A Matter of Perspective: Invitation versus Exploitation

Have you heard about how the DNC has enlisted children in their fight against maleficent hackers? This isn’t the set-up to a techno-dystopian joke, it’s the pivotal conceit of a competition cosponsored by the Democratic National Committee at this summer’s Def Con hacker conference in Las Vegas. Children, ages 8 to 16, were tasked with penetrating replicas of the websites that secretaries of state across the country use to publish election results in a contest to win $2,500 in prize money, awarded to the child who came up with the best defensive strategy for states around the country. Seriously.

As it turns out, there are many reasons why the DNC turned to children to help them harden their defenses (the fact that our election systems are so easy to hack that proficient adults can’t be bothered should be of top concern notwithstanding). But why aren’t more companies and organizations including young minds as a missing but critical ingredient in addressing the complex challenges we face? The implications for the future are more pressing to children after all, as they’ll have longer to grapple with whatever results from the graying leadership and workforce toiling to right the ship, too often complicating matters further.

It’s this realization that has lead to a handful of powerful, youth-centered organizations like Our Children’s Trust, who sued the government in 2015 to secure the future of the planet by addressing climate change. And they just might win, as it seems the government could very well be violating their Constitutional rights by not taking active measures to combat global warming and extreme weather. So, we should expect to see more children demanding a seat at the table.

It’s not just kids in the United States but young people the world over who have climate concerns.

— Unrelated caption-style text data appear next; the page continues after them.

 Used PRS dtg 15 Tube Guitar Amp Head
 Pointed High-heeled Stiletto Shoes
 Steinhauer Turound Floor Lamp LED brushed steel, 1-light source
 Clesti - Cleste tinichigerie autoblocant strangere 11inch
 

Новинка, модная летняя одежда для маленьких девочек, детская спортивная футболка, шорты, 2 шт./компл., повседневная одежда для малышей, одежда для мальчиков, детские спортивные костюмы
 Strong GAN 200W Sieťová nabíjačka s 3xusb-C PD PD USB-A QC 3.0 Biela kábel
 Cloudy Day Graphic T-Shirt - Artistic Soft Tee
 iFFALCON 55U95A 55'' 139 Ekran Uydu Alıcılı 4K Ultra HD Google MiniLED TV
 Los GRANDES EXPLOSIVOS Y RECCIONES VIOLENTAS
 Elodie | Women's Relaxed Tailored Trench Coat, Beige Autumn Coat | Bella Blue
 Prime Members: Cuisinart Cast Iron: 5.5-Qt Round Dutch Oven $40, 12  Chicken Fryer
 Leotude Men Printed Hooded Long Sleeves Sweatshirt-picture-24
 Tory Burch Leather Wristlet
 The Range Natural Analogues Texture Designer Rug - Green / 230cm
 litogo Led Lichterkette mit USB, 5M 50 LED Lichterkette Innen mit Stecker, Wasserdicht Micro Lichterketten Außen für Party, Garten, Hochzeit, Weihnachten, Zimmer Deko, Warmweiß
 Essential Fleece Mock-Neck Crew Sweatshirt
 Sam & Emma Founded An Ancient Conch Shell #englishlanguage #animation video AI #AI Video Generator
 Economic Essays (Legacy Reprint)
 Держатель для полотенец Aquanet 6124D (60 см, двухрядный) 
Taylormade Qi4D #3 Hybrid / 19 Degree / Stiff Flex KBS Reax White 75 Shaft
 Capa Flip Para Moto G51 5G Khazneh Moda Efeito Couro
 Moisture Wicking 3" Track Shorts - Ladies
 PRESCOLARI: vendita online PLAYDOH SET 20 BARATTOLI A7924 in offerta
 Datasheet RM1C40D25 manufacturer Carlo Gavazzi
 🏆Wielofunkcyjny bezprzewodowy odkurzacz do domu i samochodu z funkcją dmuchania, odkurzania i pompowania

Counterintuitively, the movement to protect the rights of children in the early 1900s — from iconic photos taken by Lewis Hine and Jacob Riis, exposing the realities of sweatshops and newsrooms, mines and poorhouses — may have resulted in ultimately detrimental unforeseen consequences, forming the foundation for why 20th century adults rarely engaged with young people as legitimate stakeholders of society at large. While one might smirk at the thought of kids on the anti-hacking payroll of the DNC, it begs some examination about whether this is really a craven exploitation of child labor or rather a bold invitation to bring unique skills to bear on an issue that will directly shape their lives.

There is hope to be found not just in the uprising of Parkland High School students questioning the service of politicians or the extraordinary courage of activists like Malala who have found themselves in the literal crosshairs of current struggles. Even the Founding Fathers of the United States can be thought of as the Millennials of their day — among the most notable signers were James Monroe (18), John Marshall (20), Aaron Burr (20), Alexander Hamilton (21), and James Madison (25). Thomas Jefferson, principal author of the document, was only 33.

It has often been the younger members of society who foment change (though even the young couldn’t outnumber the Brexiteers). But the moral argument to keep children from being used as cheap labor in the 1900s compounded with the industrial model applied to education meant that kids were recast almost overnight from being sold as a valuable resource to being viewed much less favorably as completely unformed humans, best seen and not heard until they emerged from the conveyor belt of schooling.

Emer engages children on the theme of global water issues at the Amsterdam Water Authority designathon.

Emer Beamer, the founder of Designathon Works (DW), likes to say: “Children are the last frontier of emancipation.” Growing up in Ireland, as she tells it, Emer’s early years were overshadowed by her mother’s very undestandable sadness, having lost all seven of her siblings, leaving Emer longing to solve her mother’s (and the world’s) problems. On top of the difficulties at home, Emer found little support in the Catholic education system where obedience was key and asking questions was discouraged — children were expected to follow well-trodden paths. Her experiences left Emer wrestling with two big questions: how she could find her role to contribute in the world, and why there is so much inequality in it?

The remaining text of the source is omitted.